Transcribe the full listing below, word for word, without pictures.

• [RECORDS FOR THIS TASK]:
........

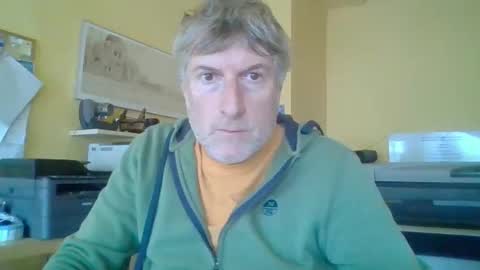 Snapshot of 22esserre chatting on 09-23-25, 02:53 22esserre online show from 09-23-25, 02:53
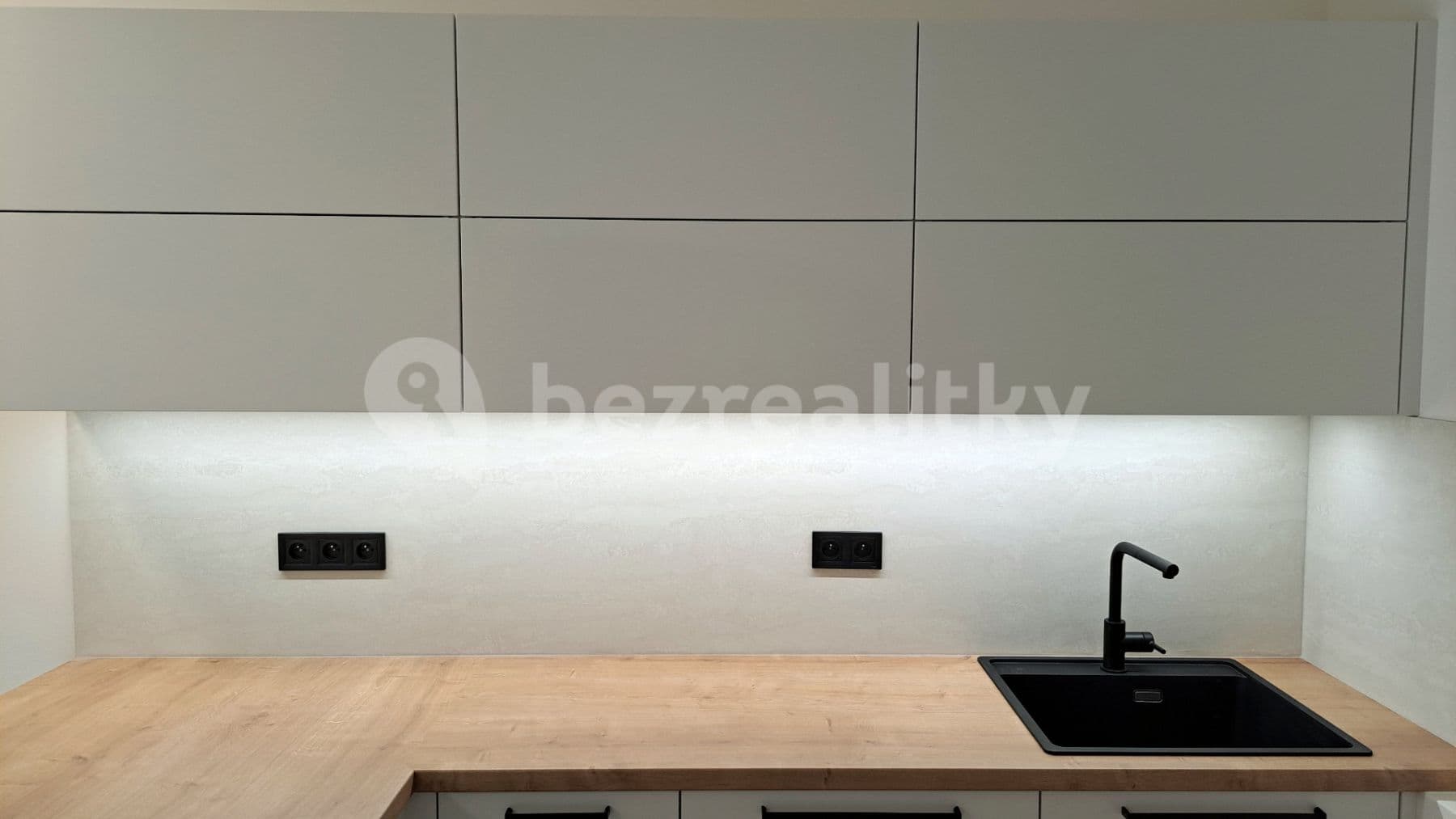 Pronájem bytu 2+kk 55 m², Hagiborská, Praha, Praha Pronájem bytu 2+kk 55 m², Hagiborská, Praha, Praha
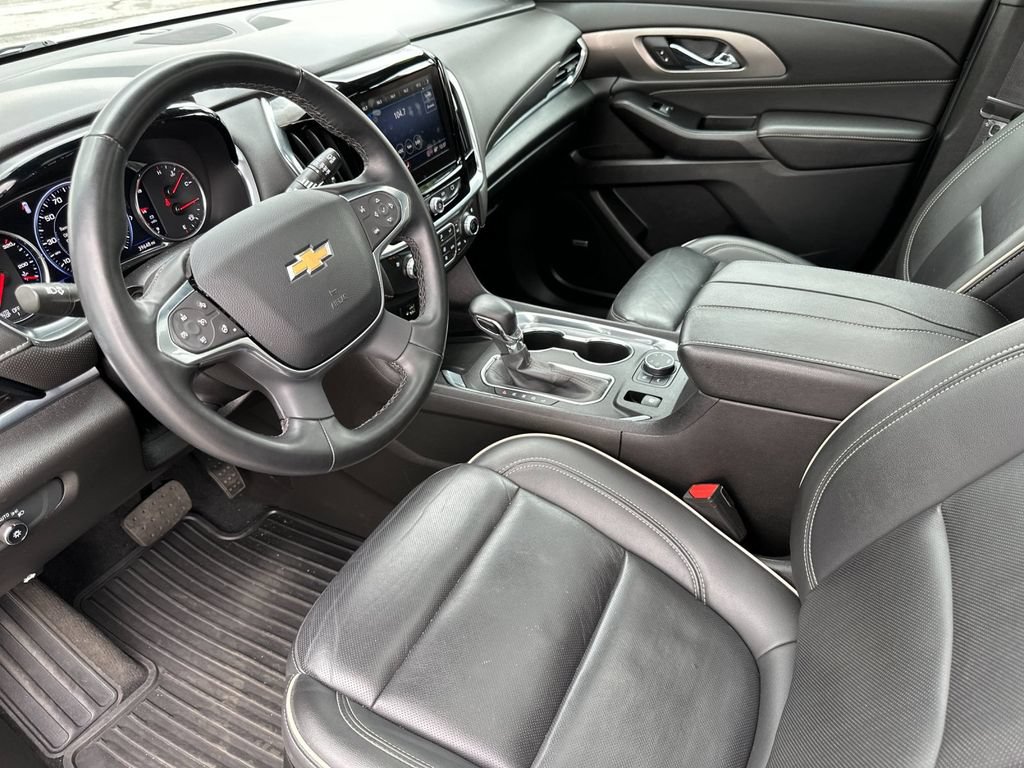 Used 2023 Chevrolet Traverse Premier AWD/4WD image 9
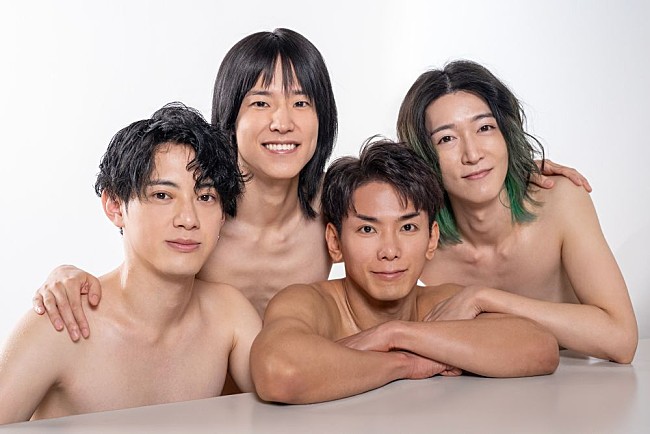 「純烈弟分グループのモナキ、お披露目までの密着ドキュメンタリー公開」1枚目/5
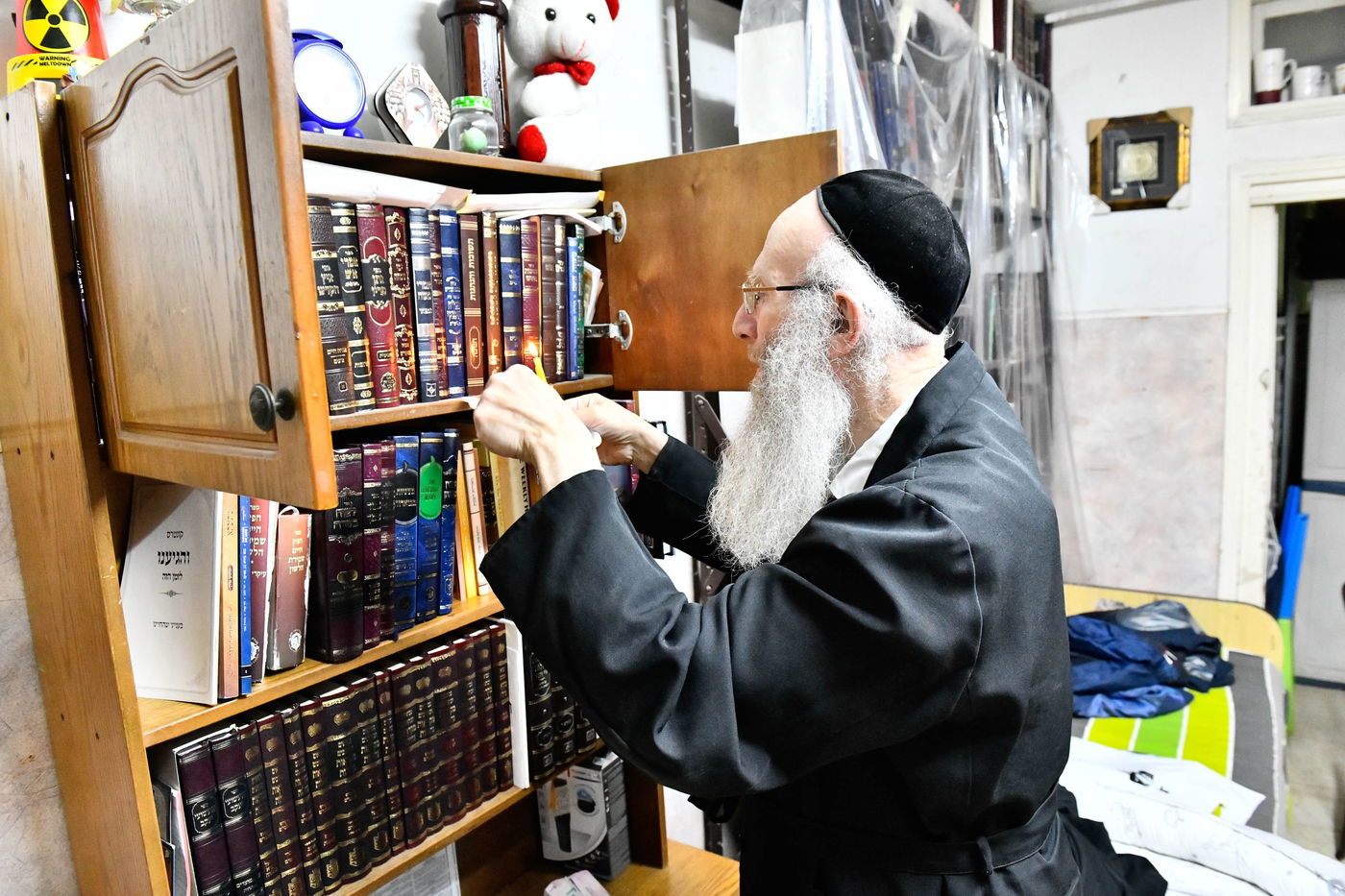 הגאון רבי יהודה אריה דינר בבדיקת חמץ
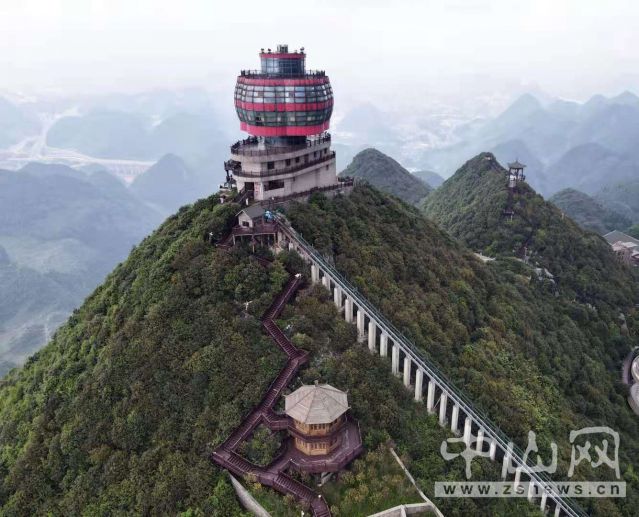 梅花山山顶成高端休闲度假区.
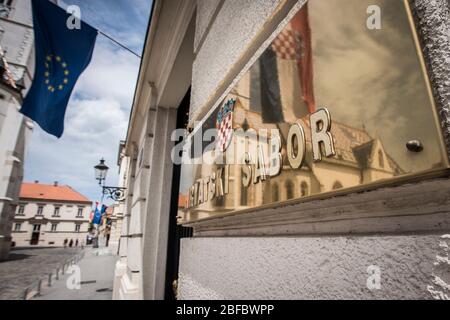 Zagreb Altstadt, Regierung und parlamentsgebäude, Hauptplatz, Markt. Stockfoto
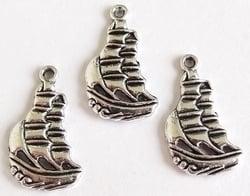 2 x  Antiek zilveren metalen bedel zeilboot 22 mm (Bedels), Ophalen of Verzenden, Nieuw, Bedel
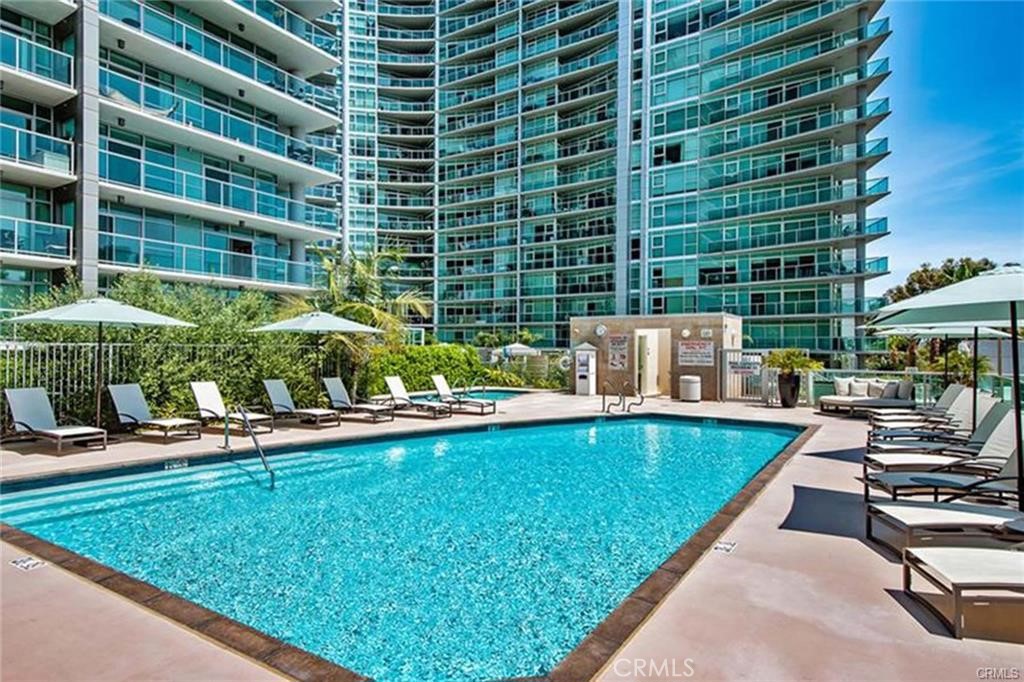 13650 Marina Pointe Drive 1506 Property Photo 1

........

• [SOLVED EXERCISE]:
 Snapshot of 22esserre chatting on 09-23-25, 02:53 22esserre online show from 09-23-25, 02:53
 Pronájem bytu 2+kk 55 m², Hagiborská, Praha, Praha Pronájem bytu 2+kk 55 m², Hagiborská, Praha, Praha
 Used 2023 Chevrolet Traverse Premier AWD/4WD image 9
 「純烈弟分グループのモナキ、お披露目までの密着ドキュメンタリー公開」1枚目/5
 הגאון רבי יהודה אריה דינר בבדיקת חמץ
 梅花山山顶成高端休闲度假区.
 Zagreb Altstadt, Regierung und parlamentsgebäude, Hauptplatz, Markt. Stockfoto
 2 x  Antiek zilveren metalen bedel zeilboot 22 mm (Bedels), Ophalen of Verzenden, Nieuw, Bedel
 13650 Marina Pointe Drive 1506 Property Photo 1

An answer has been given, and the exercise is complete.